_EXERCISE INSTRUCTIONS:_
Extract the records in full, leaving every picture out.

====================

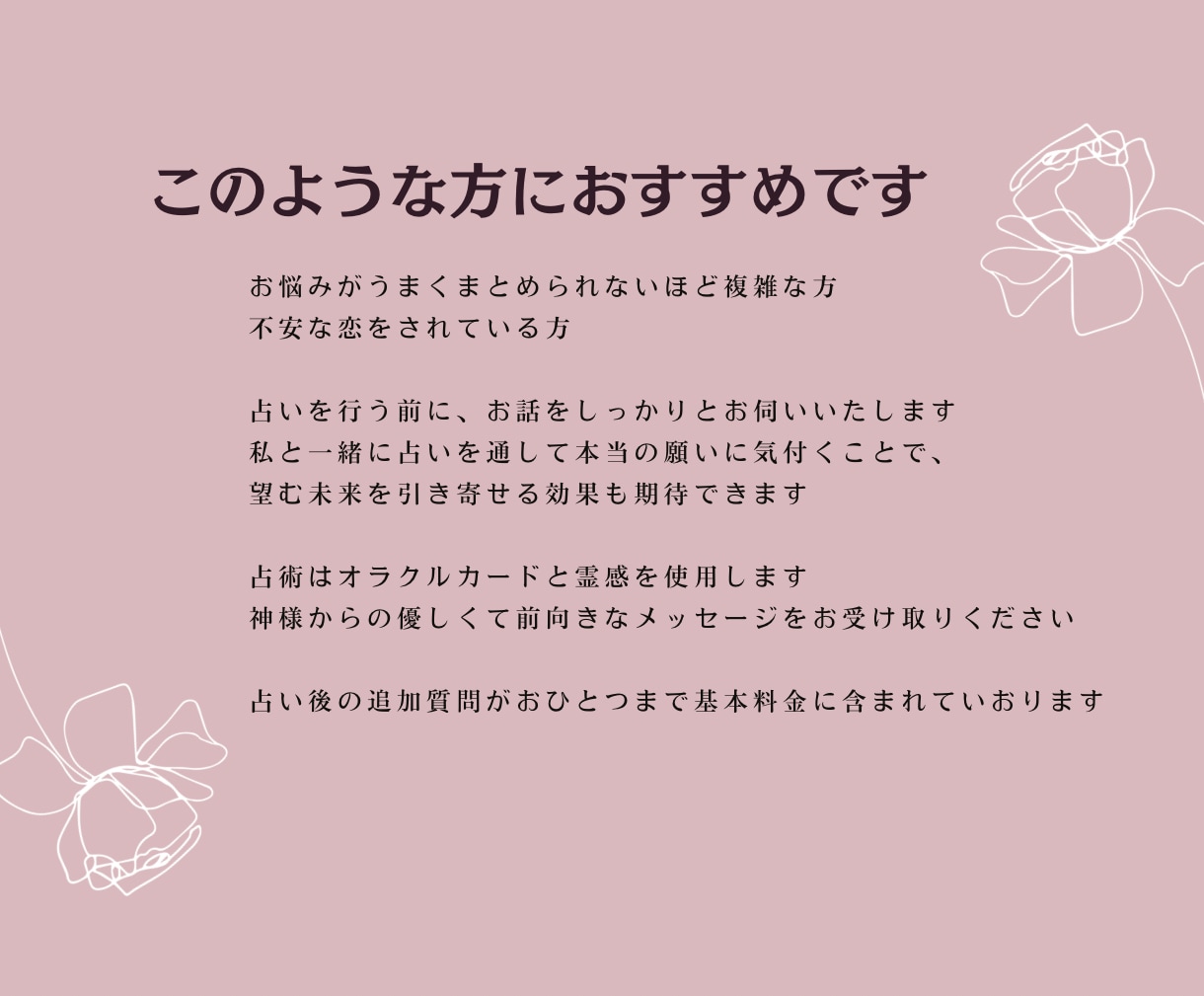 神様からの優しくてあたたかいメッセージを届けます 霊感オラクルカードによる恋愛占い。質問ひとつまで料金内 イメージ2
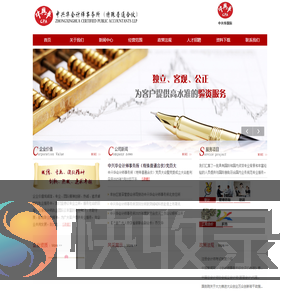 中兴华会计师事务所（特殊普通合伙）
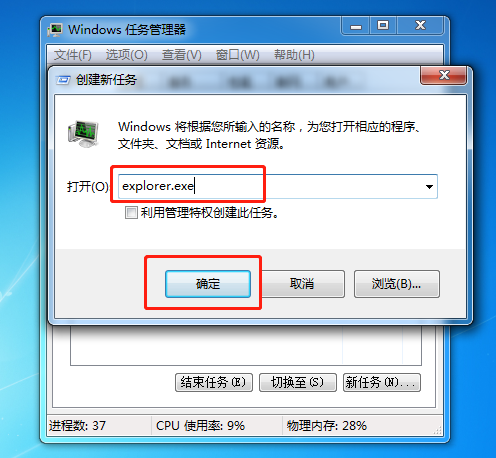 Win7電腦系統(tǒng)桌面不顯示怎么解決?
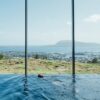 Spa Faroe Islands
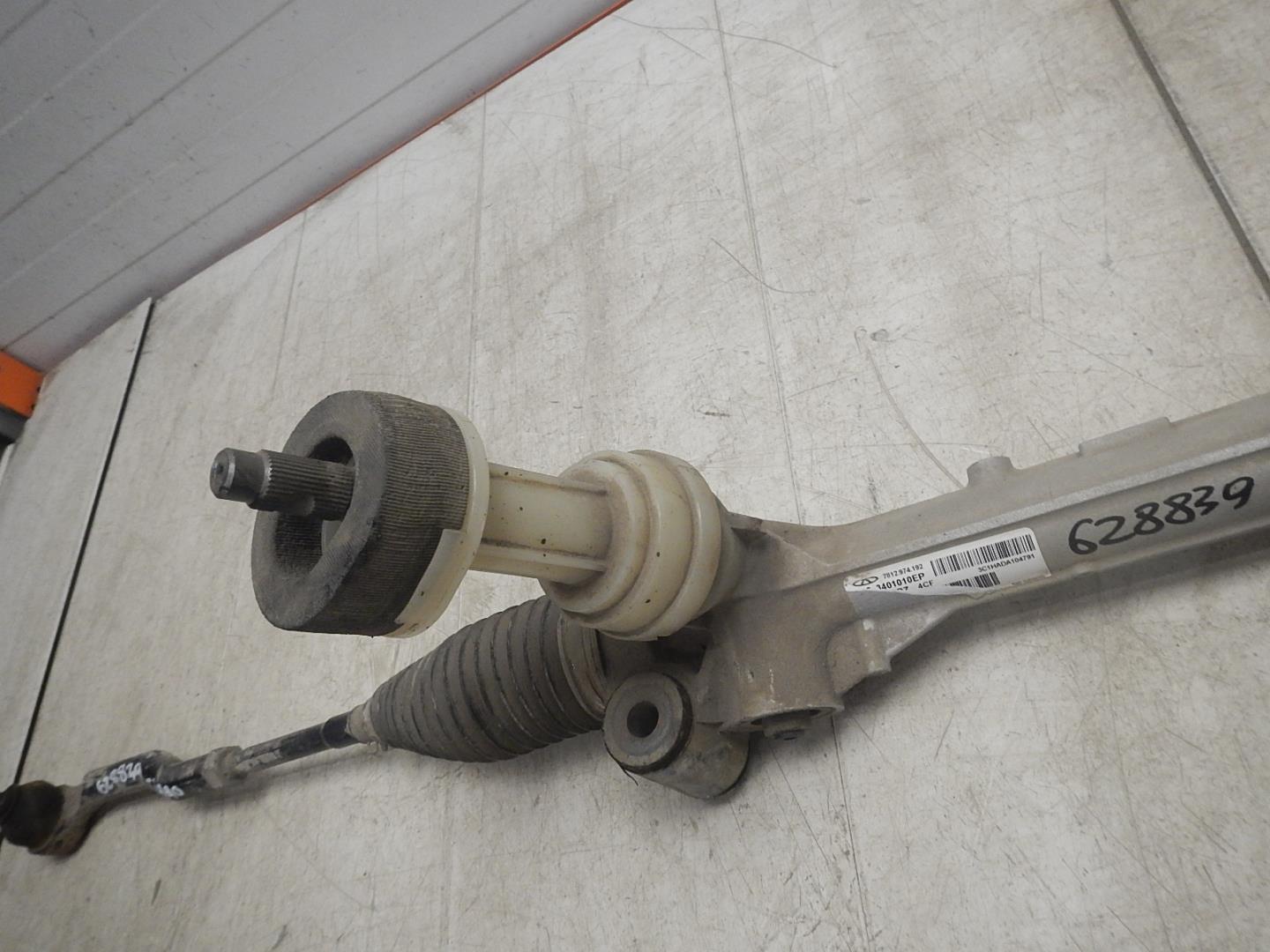 Рейка рулевая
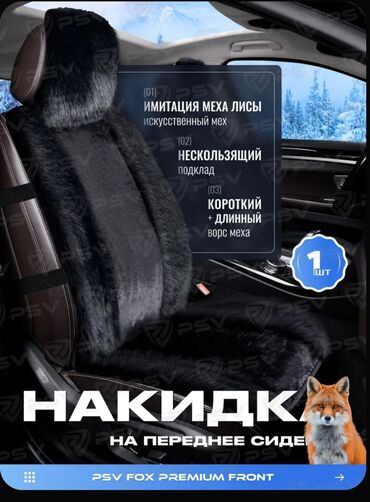 накидка на панель алькантара: Чехолдор Аң тери, түсү - Кара, Universal Seat cover, Жаңы, Акысыз жеткирүү, Акылуу жеткирүү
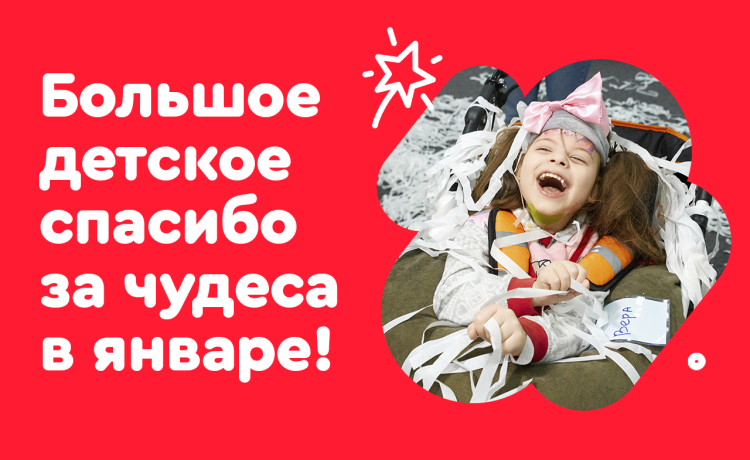 Отчёт о чудесах за январь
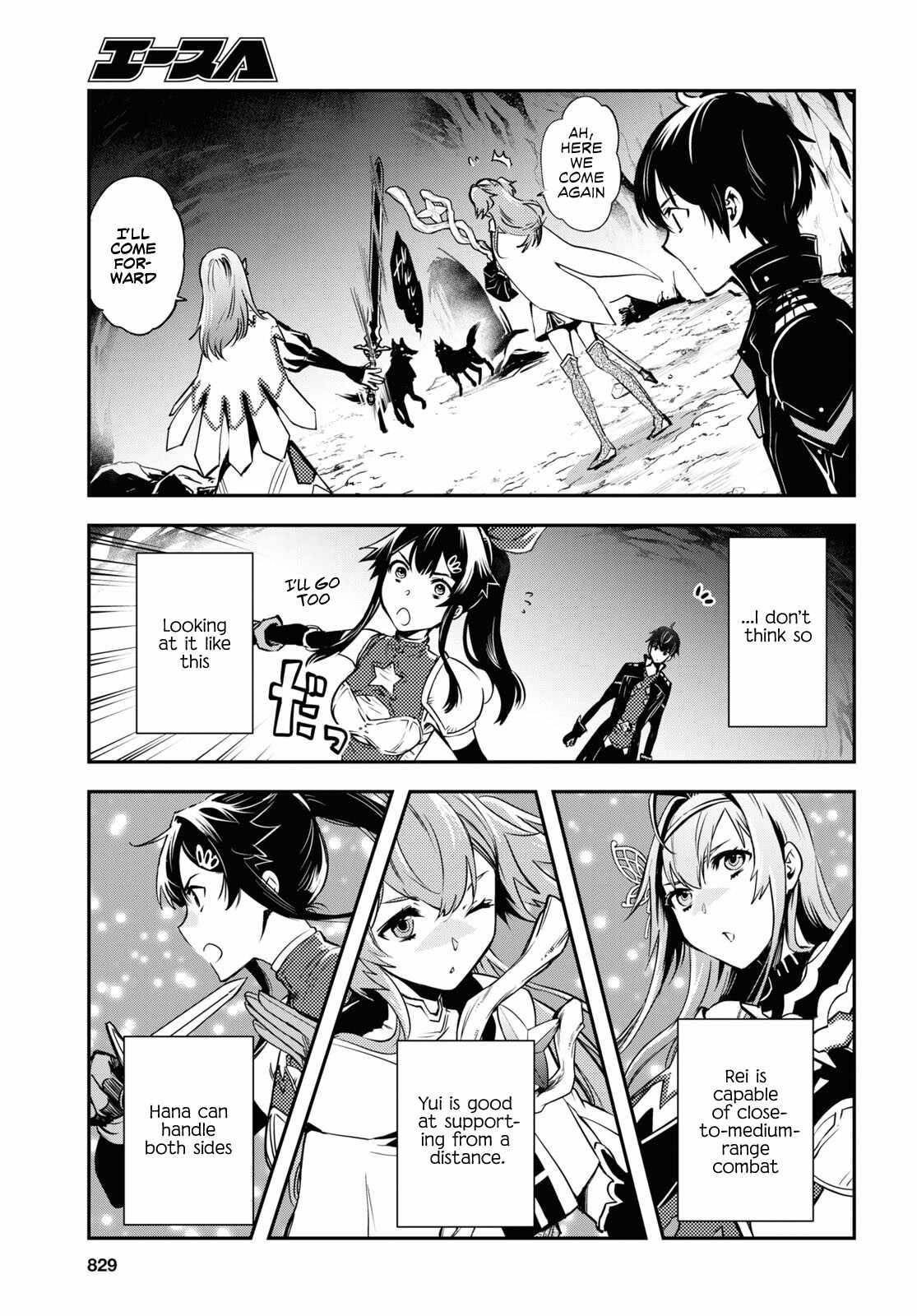 Sekai Saisoku no Level Up! Chapter 20 — Page 20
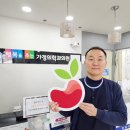 나눔가정의학과의원 이미지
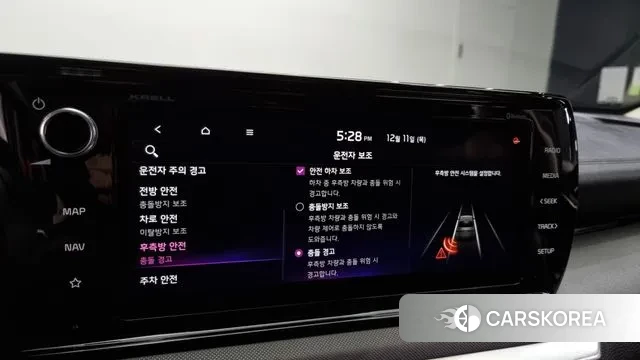 Kia K5 3rd generation id 3469277 из Кореи 7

====================

_TASK RESPONSE:_
 神様からの優しくてあたたかいメッセージを届けます 霊感オラクルカードによる恋愛占い。質問ひとつまで料金内 イメージ2
 中兴华会计师事务所（特殊普通合伙）
 Win7電腦系統(tǒng)桌面不顯示怎么解決?
 Spa Faroe Islands
 Рейка рулевая
 накидка на панель алькантара: Чехолдор Аң тери, түсү - Кара, Universal Seat cover, Жаңы, Акысыз жеткирүү, Акылуу жеткирүү
 Отчёт о чудесах за январь
 Sekai Saisoku no Level Up! Chapter 20 — Page 20
 나눔가정의학과의원 이미지
 Kia K5 3rd generation id 3469277 из Кореи 7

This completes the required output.